I started this blog with the intention of documenting all of the wonderful things I see and experience in this world. It was, in part, a response to the anxiety I was feeling because of my father’s terminal illness. Shortly after I launched it, however, my father passed away.
The last year has been an extremely difficult one while I come to terms with the loss and with all the ways in which my life has changed. Although this is not a typical post for my blog, I thought it was an appropriate way for me to honour him; today marks one year since his death.
A letter to my father
Dear dad,
Do you remember that makeshift darkroom you built in the basement? When I was young, you would slip behind that mysterious door with the eerie light behind it and disappear from the world for a time.
I remember one day you invited me into that unfamiliar world behind the door. I walked in with trepidation, blinking as my eyes adjusted to the darkened room before me.
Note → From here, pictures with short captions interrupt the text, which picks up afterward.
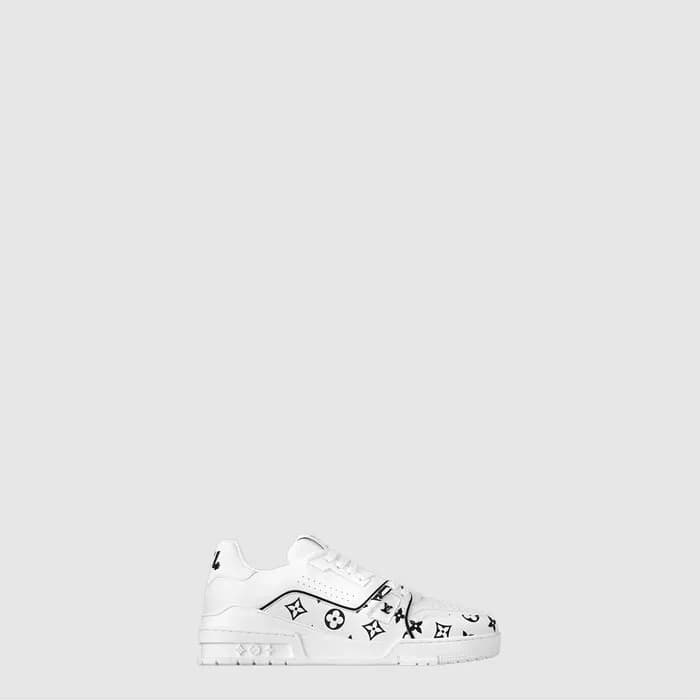 루이비통 남/녀 LV 트레이너 스니커즈 - Louis vuitton Unisex LV Tr… - 1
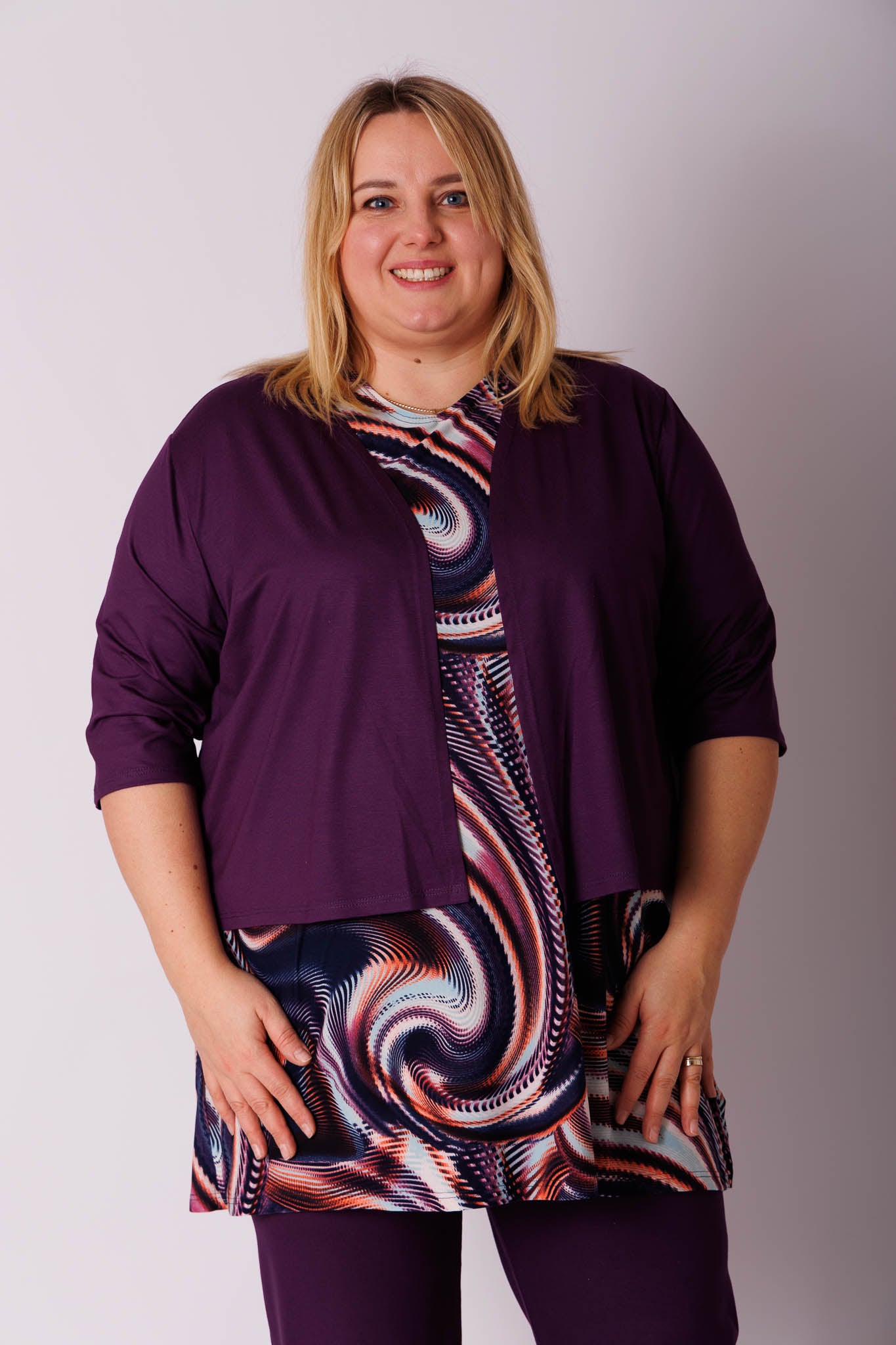 Shirt Eva lava 90 cm kimo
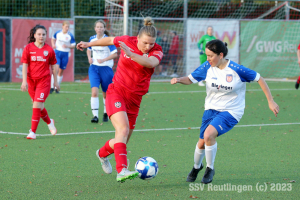 Bezirksliga Alb Frauen - SSV vs. TSV Gomaringen (14.10.23)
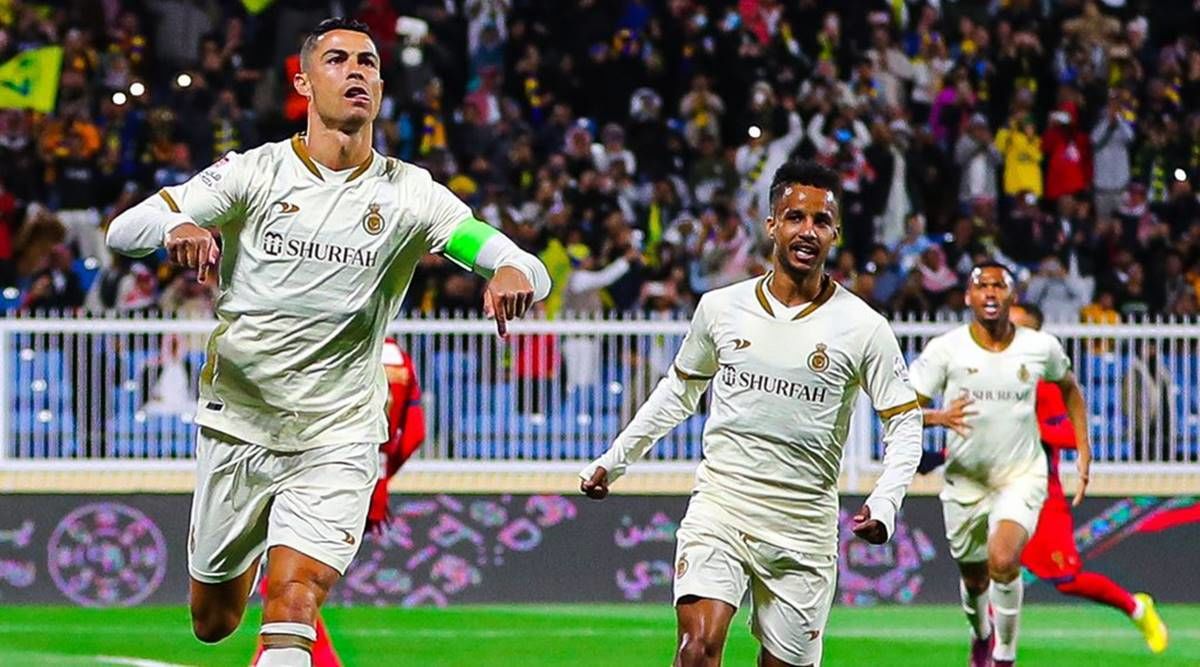 Two Hat Tricks in Five Games: Cristiano Accused of Rewriting Saudi Football League's History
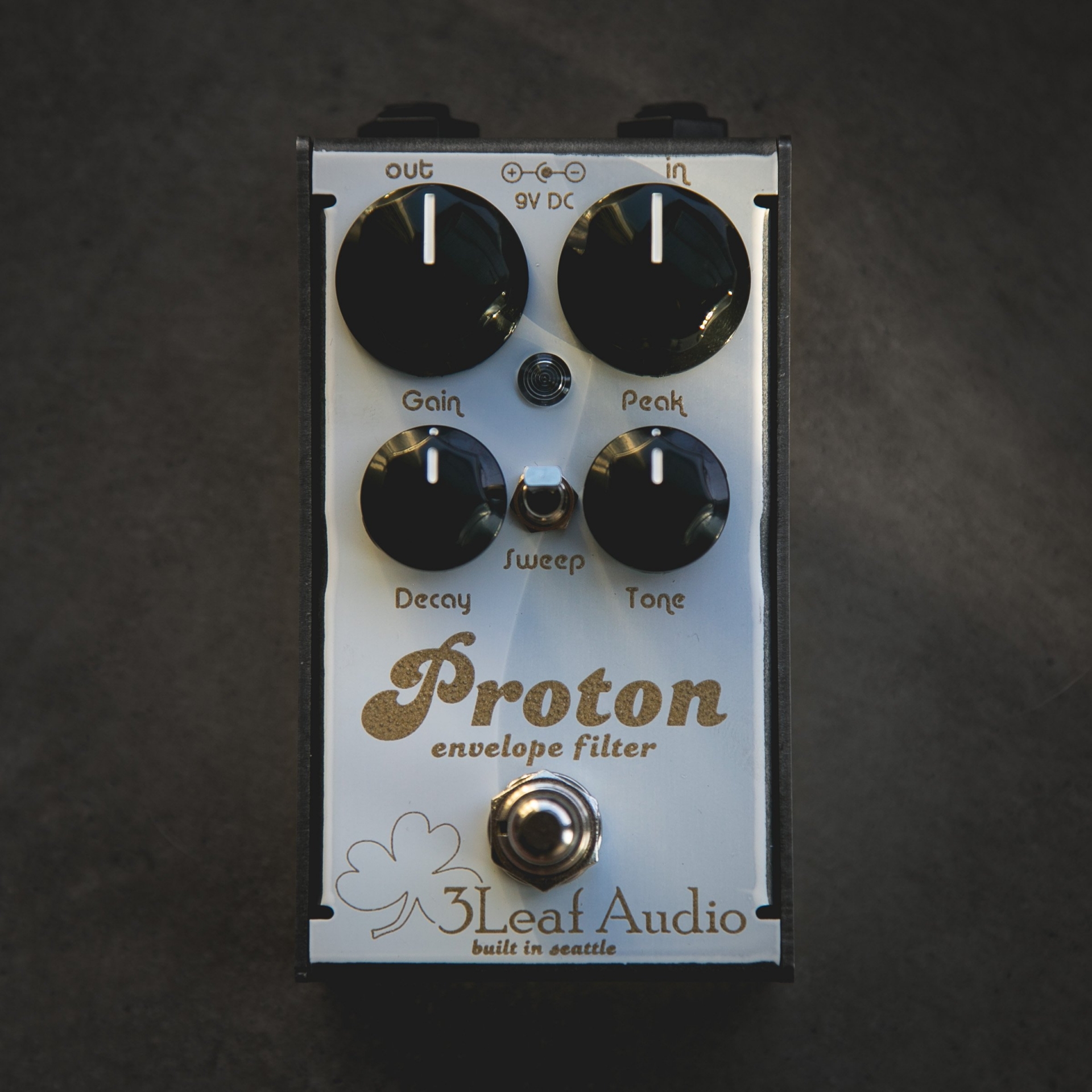 3Leaf Audio Proton Envelope Filter Pedal v3 - Music Boulevard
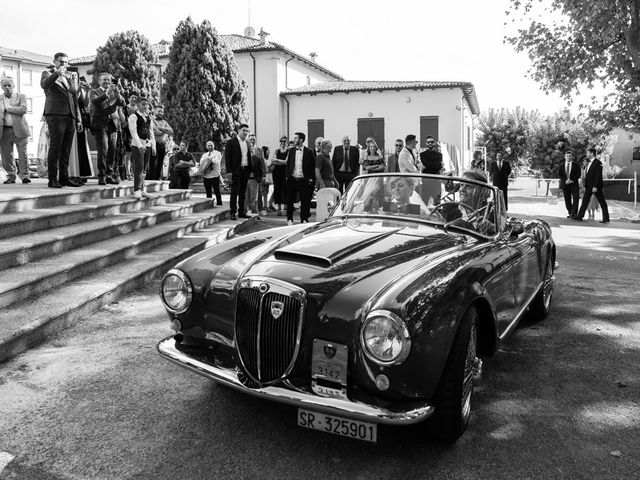 Il matrimonio di Stefano e Caterina a Gattatico, Reggio Emilia 19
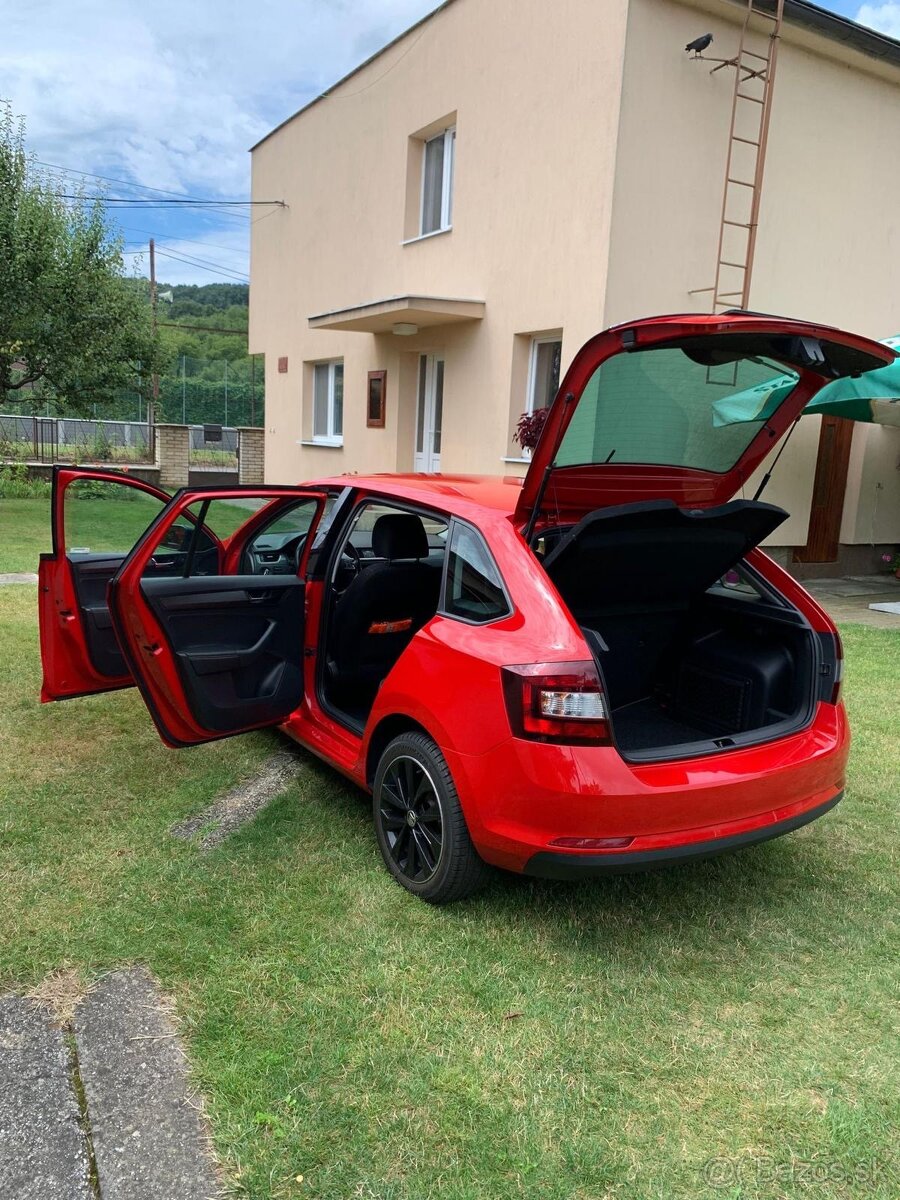 Škoda Rapid Spaceback 1,4 TDI - 8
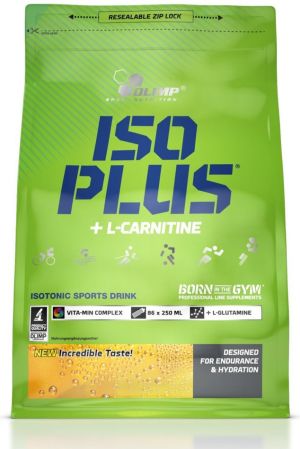 Olimp ISO Plus Isotonic Sport Drink tropic 1400g + 105g gratis (037924) 1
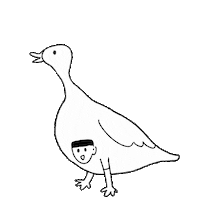 Goose Sticker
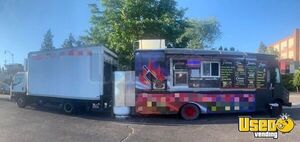 Chevrolet Grumman Olson Food Vending Truck with Mitsubishi Fuso Truck for Sale in Pennsylvania!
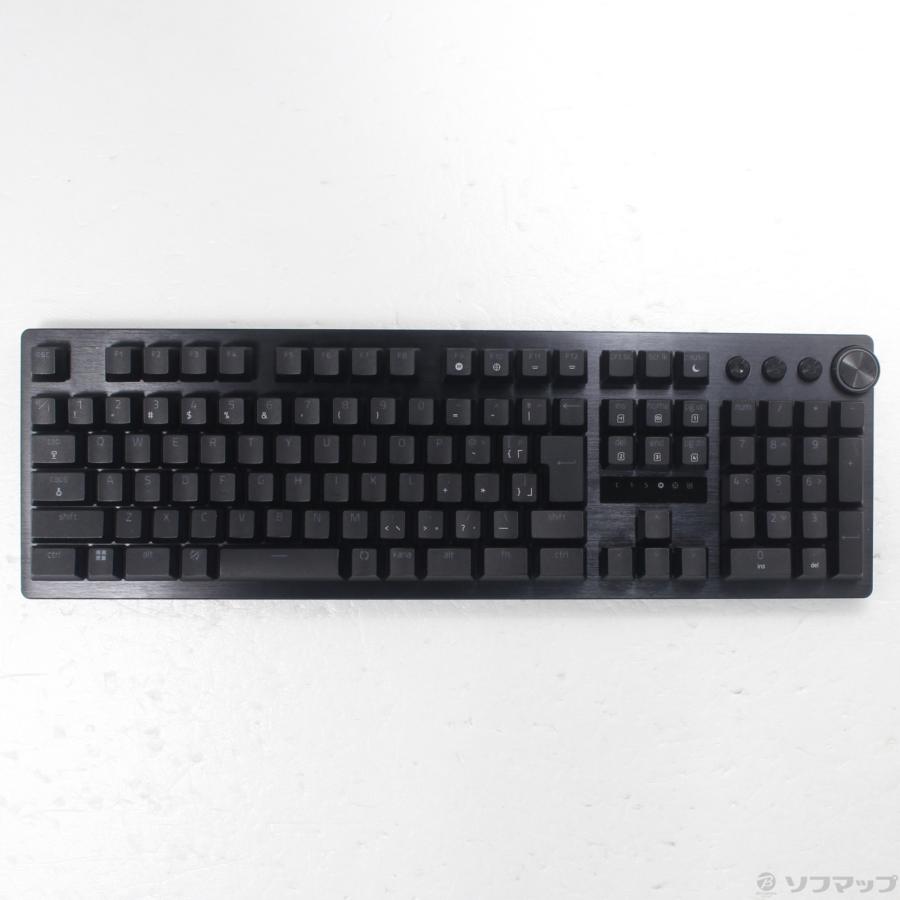 〔中古〕RAZER(レイザー)  〔展示品〕 Razer Huntsman V3 Pro - JP 黒軸 | Razer | 01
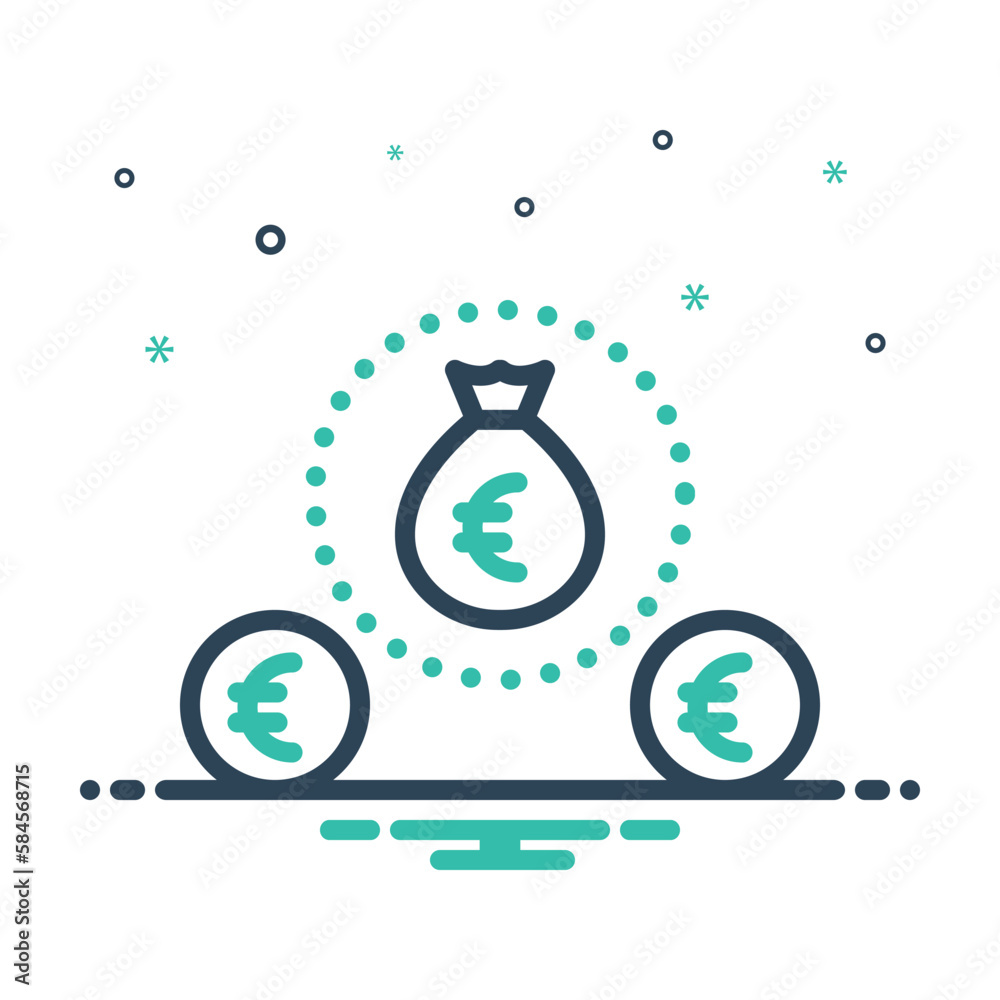 Mix icon for eur price Mix icon for eur price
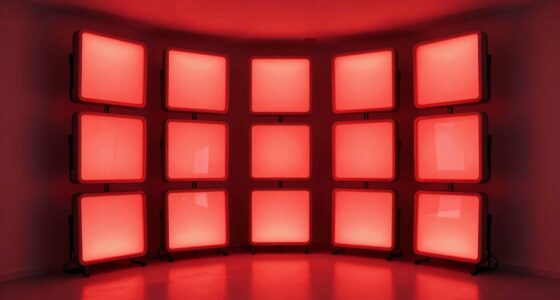 top home red light panels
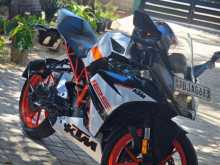 KTM Rc 125 2020 Motorbike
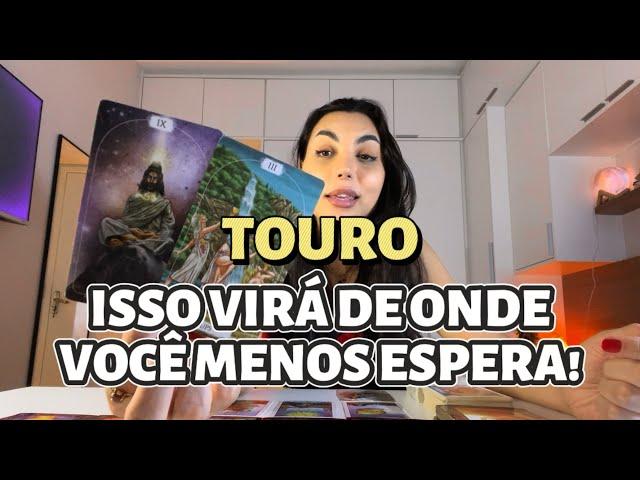 ️TOURO Você Será Surpreendido Com Uma Oportunidade Que Te Fará Muito Feliz!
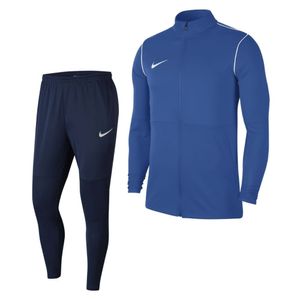 Nike Park 20 Trainingspak Kids Blauw Donkerblauw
I stood in this alien space, once the site of our basement, and watched as you walked towards a makeshift work area and slipped a pair of rubber gloves onto your hands.
I shuffled quietly closer as you mixed a selection of liquid chemicals in the buckets before you.
We stood together, largely in silence, as you unrolled the negative film and began working with it in the chemicals. Over the next few minutes, I watched with wonder as you submerged a blank piece of paper into the solution. Minutes passed, but slowly, as if by magic, an image revealed itself on the paper.
Gently, you removed the now decorated paper from the container and hung it to dry from a laundry line above the table. Removing the plastic gloves, you turned to me and smiled. My eyes were wide with wonder, the questions not yet formed, as I admired the paper you had transformed before my eyes.
As you often did, you moved your hand across my head, tangling my hair into a messy bundle, and I squealed with glee, breaking the magical silence of the room. Together we turned, opened the door, and walked back into the world outside.
It must be about fifteen years since you showed me the magical process of darkroom development. So much has changed since then. But the biggest change of all is with you.
It’s like you’ve disappeared back into that dark room, working quietly on a project, behind a door than cannot open while work is in progress. I’m aching to join you, but to do so is forbidden.
Instead, I’m left standing here, on the opposite side of the door, blinking in the light of day and waiting for you to return. But you don’t. And, although it’s hard to wrap my head around, you won’t.
I switch between hiding from the world and burying myself in exciting new experiences. And whenever I do the latter, I bring my camera, and take photographs. My first thought is always “what would dad say about this image?”. And with that thought, I take photos as if each moment captured is a snapshot being sent directly to you. As if there is a magical space between my world and yours, through which I cannot pass, but my photos can.